PCR (RTqPCR) analysis was performed, and the values of gene expression were analyzed as previously reported [22]. Control and experimental lymphocytes and SUP-T1 cells collected after 24 h were used for total RNA extraction performed by using the RNAqueous®-4PCR kit (Ambion Inc., Austin, TX, USA). Samples were treated with RNase-free DNase to prevent the amplification of any genomic DNA possibly present. Samples were dissolved in RNase-free water, and the total RNA amount was quantified by measuring the absorbance at 260 nm (A260). The purity of RNA was evaluated by using the A260/A280 ratio. The A260/A230 ratio also was used as an indicator of the chemical contaminants in nucleic acids. The extracted RNA was immediately frozen and maintained at −80 °C. Before cDNA synthesis, the integrity of RNA was confirmed by 1.2% agarose gel electrophoresis stained with ethidium bromide. cDNA was synthesized using 1 μg total RNA by the High-Capacity cDNA Reverse Transcription kit (Applied Biosystems, Foster City, CA, USA) under the following conditions: 50 °C for 2 min, 95 °C for 10 min, 95 °C for 15 s and 60 °C for 1 min for 40 cycles. RTqPCR was performed using Master Mix TaqMan®Gene Expression and the 7.300 RT-PCR instrument (Applied Biosystems), targeting glyceraldehyde-3-phosphate dehydrogenase (GAPDH; Hs 99999905_m1), CDKN1A (Hs 00355782_m1), CDKN1B (Hs 00153277_m1), B2M (Hs 99999907_m1) and GADD45A (Hs 00169255_m1). GAPDH has long been used as a default reference gene in quantitative mRNA profiling experiments; however, since its expression varied in cancer, as for many other genes [15,22], absolute quantification was preferred, and untreated lymphocytes were used for Ct comparison [13].
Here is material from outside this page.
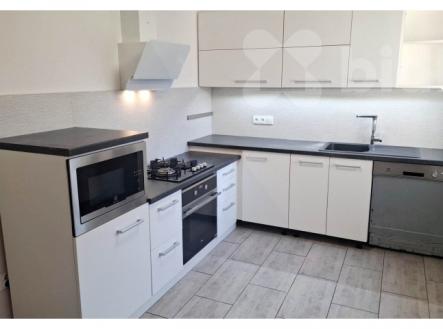 Pronájem zrekonstruovaného bytu 3+1 108m2- Erbenova, Jihlava | Pronájem bytu, 3+1, 108 m²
4.12. Statistical Analysis

Three experiments performed in duplicate were performed for each analysis. Data are expressed as the mean ± SD, and the t-test was used for statistical analysis.

5. Conclusions

GM, usually used for the treatment of bacterial infection, delays cancer growth by involving nuclear SM metabolism. It will be interesting in the future to establish if this effect is specific for GM only or if this is a general property of aminoglycosides.